◆ Given material ◆
== Segment start ==
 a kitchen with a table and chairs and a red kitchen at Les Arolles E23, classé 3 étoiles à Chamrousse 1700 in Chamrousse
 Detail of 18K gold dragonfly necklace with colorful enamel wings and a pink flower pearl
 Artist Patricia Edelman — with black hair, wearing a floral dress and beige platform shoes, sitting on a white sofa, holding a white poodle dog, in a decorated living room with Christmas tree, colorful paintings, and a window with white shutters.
== Segment end ==
◆ Description of the task ◆
An exact restatement of the data is required.

◆ Result of the exercise ◆
 a kitchen with a table and chairs and a red kitchen at Les Arolles E23, classé 3 étoiles à Chamrousse 1700 in Chamrousse
 Detail of 18K gold dragonfly necklace with colorful enamel wings and a pink flower pearl
 Artist Patricia Edelman — with black hair, wearing a floral dress and beige platform shoes, sitting on a white sofa, holding a white poodle dog, in a decorated living room with Christmas tree, colorful paintings, and a window with white shutters.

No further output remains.